*Problem*: Every line from the one bearing "Charming Charlie statement" through the last line of the entries should be printed exactly, with no other output.

*Data in this exercise*:
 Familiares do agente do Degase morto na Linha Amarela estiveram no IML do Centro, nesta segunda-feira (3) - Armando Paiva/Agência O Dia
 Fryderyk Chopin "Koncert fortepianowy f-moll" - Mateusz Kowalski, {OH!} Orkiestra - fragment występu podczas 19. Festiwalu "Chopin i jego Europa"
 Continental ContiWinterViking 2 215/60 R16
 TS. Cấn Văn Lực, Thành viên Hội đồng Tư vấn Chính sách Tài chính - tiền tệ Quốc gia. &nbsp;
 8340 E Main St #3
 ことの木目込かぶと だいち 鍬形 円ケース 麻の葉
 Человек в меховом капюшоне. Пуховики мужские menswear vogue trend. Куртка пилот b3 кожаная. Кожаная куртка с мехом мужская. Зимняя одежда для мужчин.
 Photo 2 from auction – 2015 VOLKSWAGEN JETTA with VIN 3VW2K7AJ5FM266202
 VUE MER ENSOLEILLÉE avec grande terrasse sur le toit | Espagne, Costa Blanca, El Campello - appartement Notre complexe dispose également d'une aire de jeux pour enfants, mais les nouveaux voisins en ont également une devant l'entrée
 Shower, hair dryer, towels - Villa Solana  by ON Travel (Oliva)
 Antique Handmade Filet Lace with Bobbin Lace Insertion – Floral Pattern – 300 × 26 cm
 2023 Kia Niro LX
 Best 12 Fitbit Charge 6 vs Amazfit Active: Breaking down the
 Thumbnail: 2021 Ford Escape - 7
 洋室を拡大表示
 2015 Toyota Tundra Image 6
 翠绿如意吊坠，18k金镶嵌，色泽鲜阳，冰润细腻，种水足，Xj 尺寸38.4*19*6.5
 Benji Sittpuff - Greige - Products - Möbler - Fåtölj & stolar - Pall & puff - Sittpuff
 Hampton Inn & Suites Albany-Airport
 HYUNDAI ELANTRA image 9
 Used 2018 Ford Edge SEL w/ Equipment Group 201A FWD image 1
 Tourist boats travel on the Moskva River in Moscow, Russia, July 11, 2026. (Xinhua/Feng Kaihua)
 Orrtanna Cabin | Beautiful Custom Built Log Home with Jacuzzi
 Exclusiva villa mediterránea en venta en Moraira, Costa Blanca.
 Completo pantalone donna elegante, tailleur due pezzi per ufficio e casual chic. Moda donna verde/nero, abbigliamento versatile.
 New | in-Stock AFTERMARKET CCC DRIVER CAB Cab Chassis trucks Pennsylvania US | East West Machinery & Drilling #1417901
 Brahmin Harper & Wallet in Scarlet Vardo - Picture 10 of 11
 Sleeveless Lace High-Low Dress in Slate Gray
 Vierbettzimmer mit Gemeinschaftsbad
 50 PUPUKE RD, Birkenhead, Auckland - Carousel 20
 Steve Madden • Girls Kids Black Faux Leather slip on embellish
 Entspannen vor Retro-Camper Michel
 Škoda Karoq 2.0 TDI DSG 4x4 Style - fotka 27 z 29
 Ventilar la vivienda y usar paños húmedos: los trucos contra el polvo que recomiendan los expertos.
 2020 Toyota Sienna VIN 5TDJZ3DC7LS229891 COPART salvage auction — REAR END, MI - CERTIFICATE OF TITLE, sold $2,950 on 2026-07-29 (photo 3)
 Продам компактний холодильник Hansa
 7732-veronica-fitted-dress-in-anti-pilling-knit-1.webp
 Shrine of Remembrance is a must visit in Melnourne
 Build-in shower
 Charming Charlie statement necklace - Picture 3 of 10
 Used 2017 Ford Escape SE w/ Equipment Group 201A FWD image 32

*Exercise solution*:
 Charming Charlie statement necklace - Picture 3 of 10
 Used 2017 Ford Escape SE w/ Equipment Group 201A FWD image 32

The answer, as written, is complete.